On Fri, Jul 23, 2010 at 11:36:14AM -0500, Kenneth Marshall wrote:
> Dear PostgreSQL community,
>
> I have the following function used to select tokens individually
> from a table and avoid a sequential scan of the table:
>
> create function lookup_tokens(integer,bigint[])
> returns setof dspam_token_data
> language plpgsql stable
> as '
> declare
> v_rec record;
> begin
> for v_rec in select * from dspam_token_data
> where uid=$1
> and token in (select $2[i]
> from generate_series(array_lower($2,1),array_upper($2,1)) s(i))
> loop
> return next v_rec;
> end loop;
> return;
> end;';
>
> I would like to execute the same lookup but with the array sorted. I
> used the following definition of sort:
>
> CREATE OR REPLACE FUNCTION sort(anyarray)
> RETURNS anyarray AS $$
> SELECT array(SELECT * FROM unnest($1) ORDER BY 1);
> $$ language sql;
>
> and added a call to it to the function:
>
> create function lookup_tokens_sort(integer,bigint[])
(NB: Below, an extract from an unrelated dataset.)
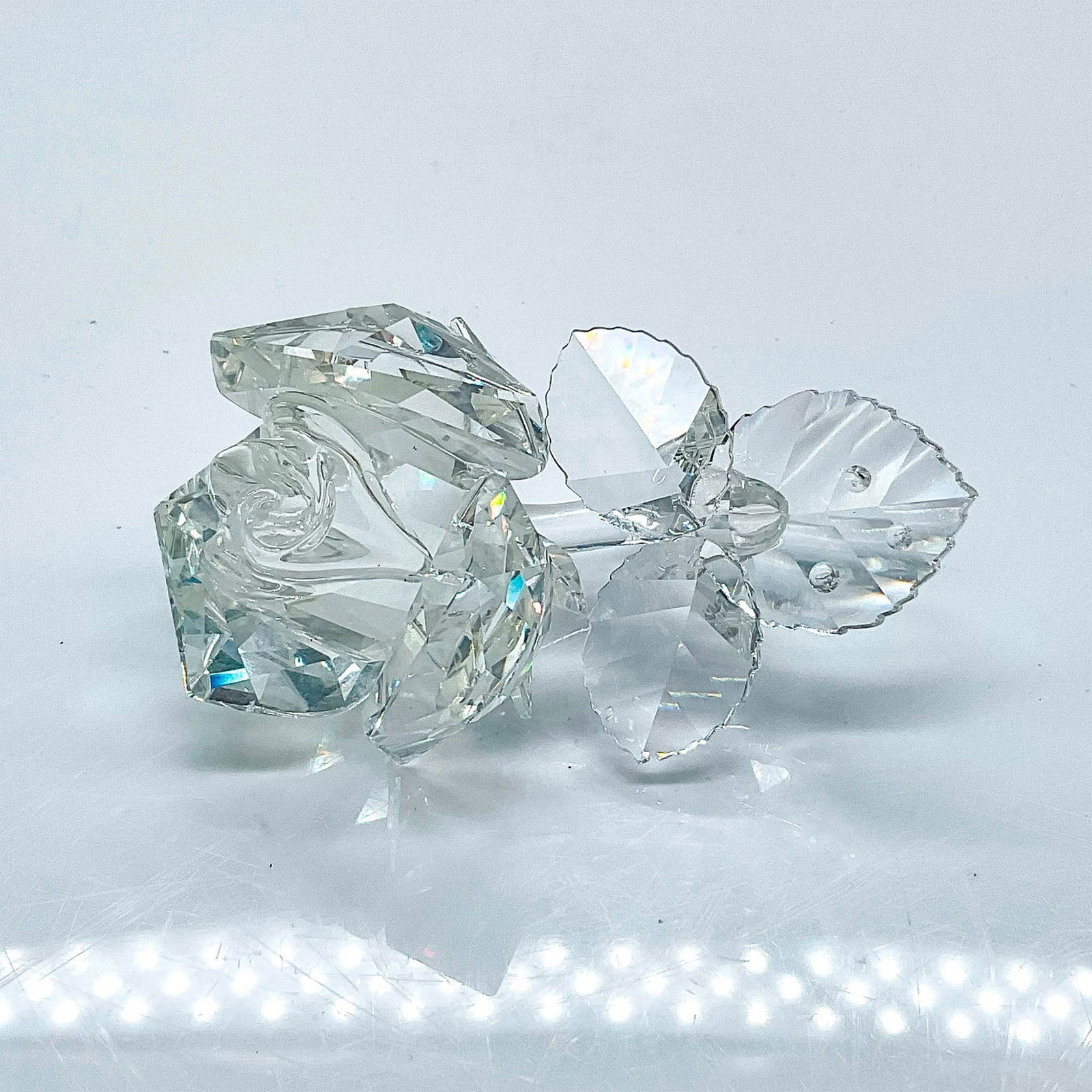 Swarovski Crystal Figurine, Rose (1 of 4)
> returns setof dspam_token_data
> language plpgsql stable
> as '
> declare
> v_rec record;
> begin
> for v_rec in select * from dspam_token_data
> where uid=$1
> and token in (select (sort($2))[i]
> from generate_series(array_lower($2,1),array_upper($2,1)) s(i))
> loop
> return next v_rec;
> end loop;
> return;
> end;';
>
> The problem with this is that the sort() appears to be called once
> per token because the run without the sort takes < 1 millisecond and
> with the sort take about 4 seconds. Is there a way to call the sort()
> only once and use the result in the loops instead of sorting each
> time. Any help would be appreciated. The actual sorted loop will
> be needed for the update functions to prevent deadlocks.
>
> Regards,
> Ken
>
As a follow-up, I can get the desired result by placing the
sort() call in the original SQL query:
SELECT * FROM lookup_tokens( xxx, sort(yyy));
Does anyone have any ideas on how to embed the sort()
call into the pl/pgsql function without a performance impact.
Cheers,
Ken